Your partner is your partner from today’s class. (Yes, we will eventually partner up.)
Can you go over the running time/analysis for the linear and binary searches again?
Linear search, really informal. Linear search looks at the elements one by one until it finds one that matches some criteria. We will assume that looking at the next element is a contant-time operation (for arrays, array indexing is a constant-time operation; for most iterators, we pretend that getting the next element is a constant-time operation). At worst, we look at every element. So we spend \(O(nc)\) where \(c\) is the constant-time per “look at element” and \(n\) is the number of elements. Big-O says “throw away constant multipliers (and lower-order terms), so this is just \(O(n)\).

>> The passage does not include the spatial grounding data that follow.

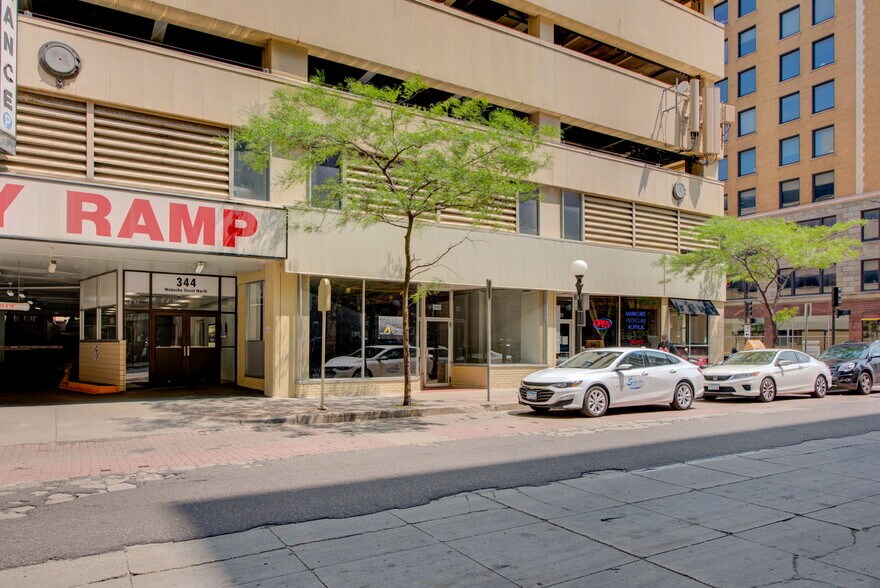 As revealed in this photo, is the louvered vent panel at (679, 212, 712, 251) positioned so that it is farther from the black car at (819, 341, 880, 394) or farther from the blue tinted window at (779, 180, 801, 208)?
the blue tinted window at (779, 180, 801, 208)

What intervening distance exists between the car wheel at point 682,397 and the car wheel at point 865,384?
8004 mm

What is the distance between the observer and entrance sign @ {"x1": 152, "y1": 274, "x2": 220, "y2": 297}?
17281 mm

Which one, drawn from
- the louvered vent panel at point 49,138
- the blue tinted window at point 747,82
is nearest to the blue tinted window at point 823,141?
the blue tinted window at point 747,82

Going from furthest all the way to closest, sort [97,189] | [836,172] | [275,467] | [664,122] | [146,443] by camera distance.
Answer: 1. [836,172]
2. [664,122]
3. [97,189]
4. [146,443]
5. [275,467]

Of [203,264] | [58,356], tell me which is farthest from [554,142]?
[58,356]

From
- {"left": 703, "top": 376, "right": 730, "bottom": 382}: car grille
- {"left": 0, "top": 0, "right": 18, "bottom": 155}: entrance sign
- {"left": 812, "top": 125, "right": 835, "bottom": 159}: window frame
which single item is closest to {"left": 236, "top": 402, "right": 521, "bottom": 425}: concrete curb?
{"left": 703, "top": 376, "right": 730, "bottom": 382}: car grille

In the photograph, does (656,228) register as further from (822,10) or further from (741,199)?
(822,10)

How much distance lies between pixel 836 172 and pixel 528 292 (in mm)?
31826

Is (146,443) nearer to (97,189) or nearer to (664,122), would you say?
(97,189)

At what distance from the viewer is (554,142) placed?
2014cm

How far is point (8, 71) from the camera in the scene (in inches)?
467

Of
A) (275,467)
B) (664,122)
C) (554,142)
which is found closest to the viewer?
(275,467)

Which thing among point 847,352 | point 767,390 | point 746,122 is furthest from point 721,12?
point 767,390

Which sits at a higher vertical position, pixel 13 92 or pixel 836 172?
pixel 836 172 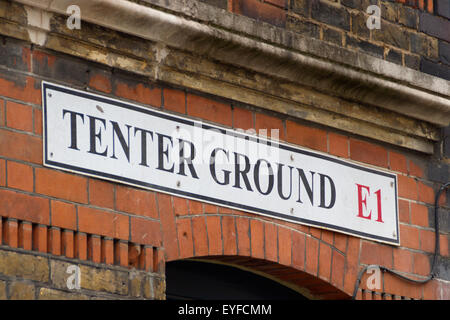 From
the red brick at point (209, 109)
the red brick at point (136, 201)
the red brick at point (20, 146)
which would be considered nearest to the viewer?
the red brick at point (20, 146)

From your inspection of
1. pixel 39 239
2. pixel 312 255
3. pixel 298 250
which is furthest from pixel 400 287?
pixel 39 239

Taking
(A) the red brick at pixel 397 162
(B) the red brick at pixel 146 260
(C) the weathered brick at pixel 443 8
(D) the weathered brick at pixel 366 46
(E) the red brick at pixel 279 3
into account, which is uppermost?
(C) the weathered brick at pixel 443 8

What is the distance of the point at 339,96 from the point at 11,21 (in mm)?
2229

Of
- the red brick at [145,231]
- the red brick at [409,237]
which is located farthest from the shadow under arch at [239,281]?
the red brick at [409,237]

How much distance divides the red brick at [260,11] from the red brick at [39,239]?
1.91 metres

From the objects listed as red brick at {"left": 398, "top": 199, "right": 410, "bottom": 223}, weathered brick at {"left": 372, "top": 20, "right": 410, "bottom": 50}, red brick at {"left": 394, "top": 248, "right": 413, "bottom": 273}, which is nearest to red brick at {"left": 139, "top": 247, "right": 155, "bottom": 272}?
red brick at {"left": 394, "top": 248, "right": 413, "bottom": 273}

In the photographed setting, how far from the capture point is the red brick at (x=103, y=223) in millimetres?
6113

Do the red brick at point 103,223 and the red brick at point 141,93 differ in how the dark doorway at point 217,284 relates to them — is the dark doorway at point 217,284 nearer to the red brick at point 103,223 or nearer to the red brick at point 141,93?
the red brick at point 103,223

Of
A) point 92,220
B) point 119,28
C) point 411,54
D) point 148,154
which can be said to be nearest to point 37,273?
point 92,220

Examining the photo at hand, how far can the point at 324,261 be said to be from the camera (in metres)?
7.18

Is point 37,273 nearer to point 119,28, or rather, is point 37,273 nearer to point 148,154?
point 148,154

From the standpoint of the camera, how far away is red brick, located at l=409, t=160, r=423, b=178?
7.82m

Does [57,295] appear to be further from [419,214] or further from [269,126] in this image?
[419,214]

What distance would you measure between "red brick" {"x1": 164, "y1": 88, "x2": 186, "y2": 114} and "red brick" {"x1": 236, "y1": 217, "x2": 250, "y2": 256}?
690 mm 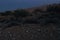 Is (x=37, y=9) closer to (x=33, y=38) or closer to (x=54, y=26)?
(x=54, y=26)

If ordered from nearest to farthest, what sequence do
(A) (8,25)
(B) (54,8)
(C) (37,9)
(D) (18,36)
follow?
(D) (18,36)
(A) (8,25)
(B) (54,8)
(C) (37,9)

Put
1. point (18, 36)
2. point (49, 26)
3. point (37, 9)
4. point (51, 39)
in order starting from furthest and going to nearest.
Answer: point (37, 9)
point (49, 26)
point (18, 36)
point (51, 39)

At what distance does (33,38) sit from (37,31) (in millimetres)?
1123

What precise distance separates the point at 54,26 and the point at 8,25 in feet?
7.81

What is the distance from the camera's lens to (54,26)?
1027cm

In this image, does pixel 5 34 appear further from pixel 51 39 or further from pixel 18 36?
pixel 51 39

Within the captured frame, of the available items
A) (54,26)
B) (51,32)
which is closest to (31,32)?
(51,32)

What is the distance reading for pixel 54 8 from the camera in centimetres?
1507

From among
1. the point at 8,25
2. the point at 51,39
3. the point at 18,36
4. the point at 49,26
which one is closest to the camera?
the point at 51,39

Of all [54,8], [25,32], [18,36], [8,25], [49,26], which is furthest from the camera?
[54,8]

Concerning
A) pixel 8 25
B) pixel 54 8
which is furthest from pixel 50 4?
pixel 8 25

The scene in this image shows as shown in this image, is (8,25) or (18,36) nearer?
(18,36)

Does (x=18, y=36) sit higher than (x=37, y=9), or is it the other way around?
(x=18, y=36)

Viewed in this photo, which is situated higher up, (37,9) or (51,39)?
(51,39) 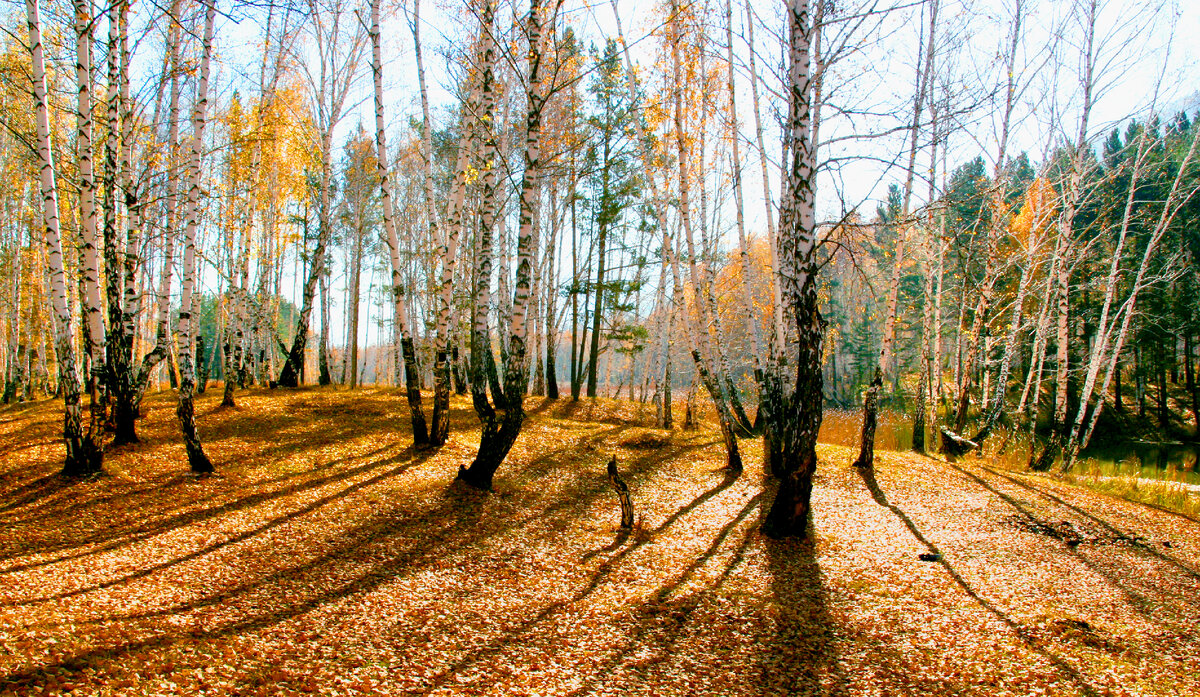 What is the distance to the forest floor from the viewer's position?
3.28 metres

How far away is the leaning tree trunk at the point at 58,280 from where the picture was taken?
5.09 meters

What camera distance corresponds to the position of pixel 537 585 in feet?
15.2

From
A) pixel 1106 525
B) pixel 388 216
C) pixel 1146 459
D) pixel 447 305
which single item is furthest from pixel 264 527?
pixel 1146 459

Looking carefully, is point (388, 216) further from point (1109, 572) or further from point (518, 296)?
point (1109, 572)

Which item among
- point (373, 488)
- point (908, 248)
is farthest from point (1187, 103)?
point (373, 488)

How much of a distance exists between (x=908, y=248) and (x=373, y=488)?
36.7 feet

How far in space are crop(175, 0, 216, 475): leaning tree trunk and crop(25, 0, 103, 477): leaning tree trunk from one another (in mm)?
815

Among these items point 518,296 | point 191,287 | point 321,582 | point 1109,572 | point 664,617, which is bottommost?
point 1109,572

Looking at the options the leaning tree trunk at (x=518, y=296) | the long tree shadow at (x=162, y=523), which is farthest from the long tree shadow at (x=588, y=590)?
the long tree shadow at (x=162, y=523)

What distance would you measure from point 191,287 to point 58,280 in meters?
1.67

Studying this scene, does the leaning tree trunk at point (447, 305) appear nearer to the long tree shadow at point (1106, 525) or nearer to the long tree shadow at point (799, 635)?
the long tree shadow at point (799, 635)

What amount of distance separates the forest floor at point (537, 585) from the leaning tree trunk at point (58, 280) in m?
0.34

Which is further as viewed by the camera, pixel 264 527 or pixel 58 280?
pixel 58 280

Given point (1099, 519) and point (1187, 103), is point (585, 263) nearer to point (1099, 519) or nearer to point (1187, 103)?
point (1099, 519) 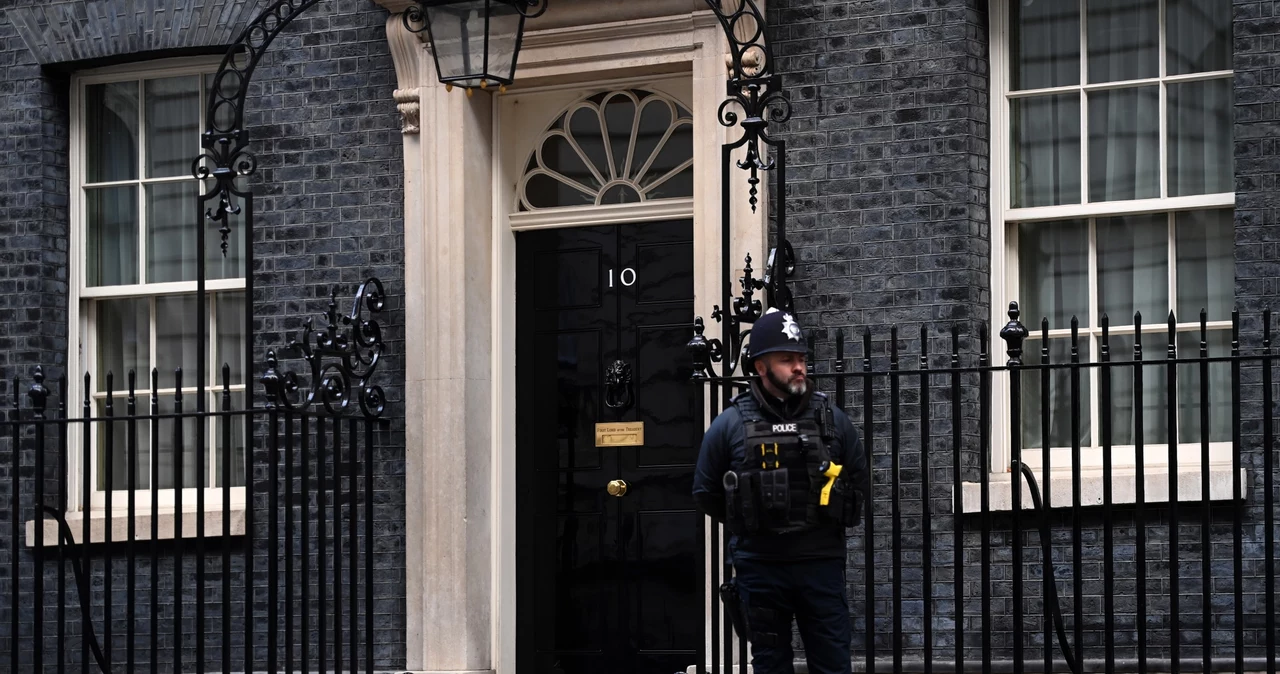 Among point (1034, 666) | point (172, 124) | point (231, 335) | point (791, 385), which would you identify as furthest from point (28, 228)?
point (1034, 666)

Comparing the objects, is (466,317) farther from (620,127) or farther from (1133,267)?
(1133,267)

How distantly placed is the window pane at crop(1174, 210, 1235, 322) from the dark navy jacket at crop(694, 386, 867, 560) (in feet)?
7.23

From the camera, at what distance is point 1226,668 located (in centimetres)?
789

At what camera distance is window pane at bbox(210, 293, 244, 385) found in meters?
10.2

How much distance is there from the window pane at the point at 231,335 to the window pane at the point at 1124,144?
451 centimetres

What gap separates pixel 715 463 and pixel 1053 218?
8.43ft

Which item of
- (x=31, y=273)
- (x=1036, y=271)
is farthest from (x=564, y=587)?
(x=31, y=273)

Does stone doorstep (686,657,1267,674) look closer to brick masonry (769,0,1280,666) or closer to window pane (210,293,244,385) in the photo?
brick masonry (769,0,1280,666)

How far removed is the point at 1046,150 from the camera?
28.9 feet

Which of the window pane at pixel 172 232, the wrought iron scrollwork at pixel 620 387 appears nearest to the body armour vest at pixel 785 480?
the wrought iron scrollwork at pixel 620 387

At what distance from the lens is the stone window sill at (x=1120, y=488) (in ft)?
26.2

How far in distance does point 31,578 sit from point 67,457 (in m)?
0.68

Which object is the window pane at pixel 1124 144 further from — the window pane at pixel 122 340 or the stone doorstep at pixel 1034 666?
the window pane at pixel 122 340

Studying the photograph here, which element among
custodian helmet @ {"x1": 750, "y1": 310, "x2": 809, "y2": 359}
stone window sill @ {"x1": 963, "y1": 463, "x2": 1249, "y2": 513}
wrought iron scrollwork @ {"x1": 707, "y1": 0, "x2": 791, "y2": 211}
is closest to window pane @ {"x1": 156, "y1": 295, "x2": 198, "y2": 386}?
wrought iron scrollwork @ {"x1": 707, "y1": 0, "x2": 791, "y2": 211} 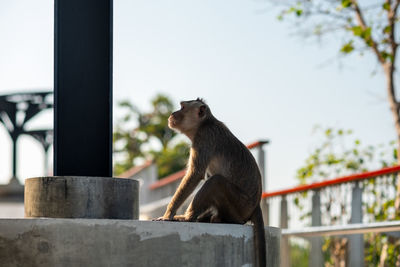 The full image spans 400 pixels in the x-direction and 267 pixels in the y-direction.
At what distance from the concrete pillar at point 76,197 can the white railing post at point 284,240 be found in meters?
4.12

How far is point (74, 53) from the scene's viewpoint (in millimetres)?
4137

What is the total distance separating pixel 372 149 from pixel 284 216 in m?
3.04

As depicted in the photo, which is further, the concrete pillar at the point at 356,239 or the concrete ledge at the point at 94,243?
the concrete pillar at the point at 356,239

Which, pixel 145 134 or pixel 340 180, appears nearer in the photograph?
pixel 340 180

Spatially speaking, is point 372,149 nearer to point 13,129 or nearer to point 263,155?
point 263,155

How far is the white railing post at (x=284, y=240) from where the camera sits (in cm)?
760

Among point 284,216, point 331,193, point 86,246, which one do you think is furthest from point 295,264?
point 86,246

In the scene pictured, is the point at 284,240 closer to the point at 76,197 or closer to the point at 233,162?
the point at 233,162

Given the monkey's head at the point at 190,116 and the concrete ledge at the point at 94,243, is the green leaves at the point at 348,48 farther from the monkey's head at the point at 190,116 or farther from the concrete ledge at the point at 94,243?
the concrete ledge at the point at 94,243

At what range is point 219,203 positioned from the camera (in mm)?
4234

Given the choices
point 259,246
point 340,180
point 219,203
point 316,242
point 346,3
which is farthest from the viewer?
point 346,3

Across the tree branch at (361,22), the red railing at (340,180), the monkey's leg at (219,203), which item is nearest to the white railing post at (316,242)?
the red railing at (340,180)

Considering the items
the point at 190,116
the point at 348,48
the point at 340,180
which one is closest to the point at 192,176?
the point at 190,116

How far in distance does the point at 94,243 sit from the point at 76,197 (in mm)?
610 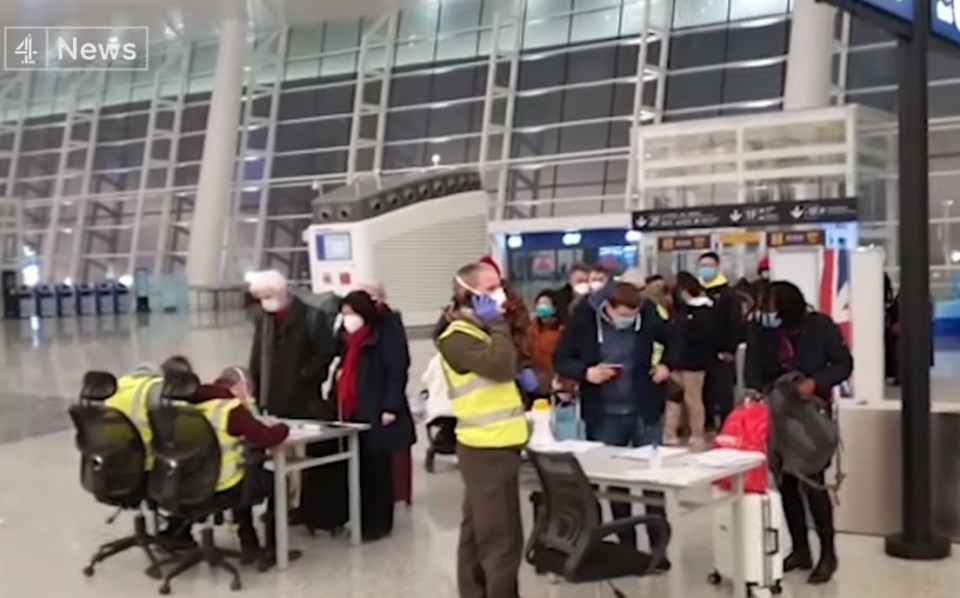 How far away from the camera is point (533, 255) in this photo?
20.3 m

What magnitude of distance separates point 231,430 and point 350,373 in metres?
1.23

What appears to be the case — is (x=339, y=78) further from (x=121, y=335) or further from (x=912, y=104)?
(x=912, y=104)

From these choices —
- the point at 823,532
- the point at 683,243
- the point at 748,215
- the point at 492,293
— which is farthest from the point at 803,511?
the point at 683,243

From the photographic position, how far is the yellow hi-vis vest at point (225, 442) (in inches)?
212

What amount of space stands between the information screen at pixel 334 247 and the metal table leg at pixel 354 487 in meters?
10.3

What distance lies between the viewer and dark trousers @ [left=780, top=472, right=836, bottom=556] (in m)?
5.28

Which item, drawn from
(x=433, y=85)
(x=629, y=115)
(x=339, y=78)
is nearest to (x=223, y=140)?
(x=339, y=78)

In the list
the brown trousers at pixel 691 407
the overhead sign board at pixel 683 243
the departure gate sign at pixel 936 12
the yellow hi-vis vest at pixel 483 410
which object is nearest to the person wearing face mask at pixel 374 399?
the yellow hi-vis vest at pixel 483 410

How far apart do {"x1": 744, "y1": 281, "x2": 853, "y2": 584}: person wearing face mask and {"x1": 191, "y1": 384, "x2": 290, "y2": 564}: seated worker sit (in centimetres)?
238

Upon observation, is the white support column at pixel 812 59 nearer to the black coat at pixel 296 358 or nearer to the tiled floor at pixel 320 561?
the tiled floor at pixel 320 561

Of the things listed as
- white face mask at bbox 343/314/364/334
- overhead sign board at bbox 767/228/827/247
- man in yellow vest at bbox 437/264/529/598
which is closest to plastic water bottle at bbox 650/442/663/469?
man in yellow vest at bbox 437/264/529/598

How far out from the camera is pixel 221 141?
89.7 feet

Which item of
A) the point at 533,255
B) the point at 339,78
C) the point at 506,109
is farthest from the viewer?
the point at 339,78

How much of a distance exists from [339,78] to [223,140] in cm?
331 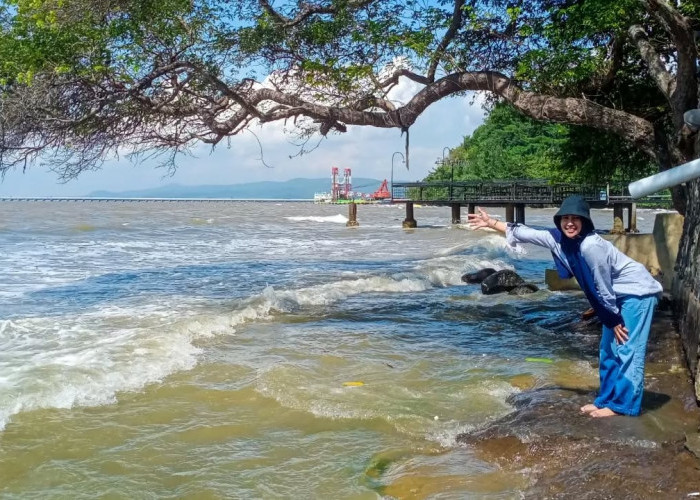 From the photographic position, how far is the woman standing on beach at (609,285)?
509 cm

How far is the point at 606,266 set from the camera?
508 cm

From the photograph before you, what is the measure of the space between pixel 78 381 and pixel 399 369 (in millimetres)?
3382

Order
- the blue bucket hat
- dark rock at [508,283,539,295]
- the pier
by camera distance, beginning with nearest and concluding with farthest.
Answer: the blue bucket hat
dark rock at [508,283,539,295]
the pier

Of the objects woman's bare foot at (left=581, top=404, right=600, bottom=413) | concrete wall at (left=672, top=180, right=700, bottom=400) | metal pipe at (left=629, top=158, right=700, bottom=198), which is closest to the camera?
metal pipe at (left=629, top=158, right=700, bottom=198)

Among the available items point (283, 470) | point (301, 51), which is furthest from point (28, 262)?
point (283, 470)

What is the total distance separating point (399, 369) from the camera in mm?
8102

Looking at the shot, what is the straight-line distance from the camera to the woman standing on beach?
5090 mm

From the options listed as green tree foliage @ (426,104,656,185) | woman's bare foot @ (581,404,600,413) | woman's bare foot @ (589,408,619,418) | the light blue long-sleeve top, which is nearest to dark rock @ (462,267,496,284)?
woman's bare foot @ (581,404,600,413)

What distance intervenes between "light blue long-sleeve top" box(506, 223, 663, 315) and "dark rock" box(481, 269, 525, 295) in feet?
30.4

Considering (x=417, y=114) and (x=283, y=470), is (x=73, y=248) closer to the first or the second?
(x=417, y=114)

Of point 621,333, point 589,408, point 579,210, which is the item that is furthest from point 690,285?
point 579,210

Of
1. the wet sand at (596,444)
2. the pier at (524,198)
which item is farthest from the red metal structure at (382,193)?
the wet sand at (596,444)

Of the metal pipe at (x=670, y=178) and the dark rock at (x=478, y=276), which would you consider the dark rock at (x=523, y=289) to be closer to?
the dark rock at (x=478, y=276)

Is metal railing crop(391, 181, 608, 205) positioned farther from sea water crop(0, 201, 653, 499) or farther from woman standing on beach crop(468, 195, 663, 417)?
woman standing on beach crop(468, 195, 663, 417) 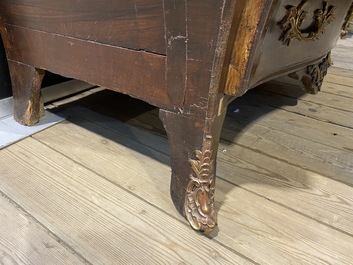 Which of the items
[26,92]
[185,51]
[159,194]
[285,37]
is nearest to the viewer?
[185,51]

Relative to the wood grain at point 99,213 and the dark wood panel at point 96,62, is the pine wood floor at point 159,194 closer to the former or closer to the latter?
the wood grain at point 99,213

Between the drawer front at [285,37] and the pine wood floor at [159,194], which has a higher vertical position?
the drawer front at [285,37]

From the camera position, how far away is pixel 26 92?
1033 mm

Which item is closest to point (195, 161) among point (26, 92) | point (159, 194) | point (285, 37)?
point (159, 194)

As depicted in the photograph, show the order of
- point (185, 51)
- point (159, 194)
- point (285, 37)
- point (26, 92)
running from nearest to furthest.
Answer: point (185, 51) < point (285, 37) < point (159, 194) < point (26, 92)

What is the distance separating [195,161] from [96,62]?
0.35m

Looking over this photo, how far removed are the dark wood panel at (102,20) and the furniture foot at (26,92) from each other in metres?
0.17

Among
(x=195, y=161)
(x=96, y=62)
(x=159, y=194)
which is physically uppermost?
(x=96, y=62)

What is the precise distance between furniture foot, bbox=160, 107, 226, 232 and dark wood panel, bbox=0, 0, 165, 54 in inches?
6.1

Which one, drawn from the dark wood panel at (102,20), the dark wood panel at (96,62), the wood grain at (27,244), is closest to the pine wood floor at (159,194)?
the wood grain at (27,244)

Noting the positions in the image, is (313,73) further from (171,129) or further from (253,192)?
(171,129)

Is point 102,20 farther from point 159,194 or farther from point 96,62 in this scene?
point 159,194

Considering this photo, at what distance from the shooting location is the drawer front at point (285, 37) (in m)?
0.57

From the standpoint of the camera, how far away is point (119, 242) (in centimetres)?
64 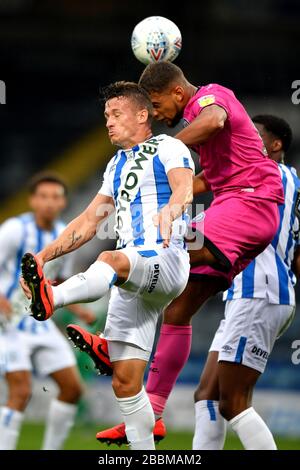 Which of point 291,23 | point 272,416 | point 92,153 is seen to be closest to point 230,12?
point 291,23

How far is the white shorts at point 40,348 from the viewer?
326 inches

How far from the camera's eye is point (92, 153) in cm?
1730

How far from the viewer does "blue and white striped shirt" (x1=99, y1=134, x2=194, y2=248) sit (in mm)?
5363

Binary search, a bit more formal. At worst, each time through binary the main loop (recursion), the middle element doesn’t match, so we throw away exactly half the elements.
Tne time to search an array of N elements is a constant (to compute and look at the middle elements) plus the time to search one half.
When there’s only one element left, it’s also constant time. We’ll pretend it’s the same constant.
\[T(n) = c + T(n/2)\]
\[T(1) = c\]
We want to put the two equations in closed form (not recursive). We should now about four techniques for doing so.
- Bottom-up. We start with the \(T(1)\), then figure \(T(2)\), etc.
\(T(1) = c\) [1 is \(2^0\)]
\(T(2) = c + T(2/2) = c + T(1) = c + c = 2c\) [2 is \(2^1\)]
\(T(3) = c + T(3/2) = c + T(2) = c + 2c = 3c\) (or maybe 2c; optional)
\(T(4) = c + T(4/2) = c + T(2) = c + 2c = 3c\) [4 is \(2^2\)]
\(T(8) = c + T(8/2) = c + T(4) = c + 3c = 4c\) [8 is \(2^3\)]
\[T(16) = c + T(16/2) = c + T(8) = c + 4c = 5c\]
We should see a patten (I hope).
\[T(2^k) = c + kc = (k + 1)c\]
Let \(n = 2^k\), which means \(k = log2(n)\)
\[T(n) = (log2(n) + 1)c\]
\(T(n) \in O(log2(n))\) (throw away constant multipliers and lower-order terms)
- Top-down
\[T(n) = c + T(n/2)\]
\[T(n) = c + c + T((n/2)/2) = 2c + T(n/4)\]
\[T(n) = 2c + c + T((n/4)/2) = 3c + T(n/8)\]
\[T(n) = 3c + c + T((n/8)/2) = 4c + T(n/16)\]
\(T(n) = ic + T(n/2^i)\) “It’s so obvious” - BS
Let n = 2^k.
\[T(n) = kc + T(n/n) = kc + c = (k + 1)c.\]
\[T(n) = (log2(n) + 1)c\]
\[T(n) \in O(log2(n))\]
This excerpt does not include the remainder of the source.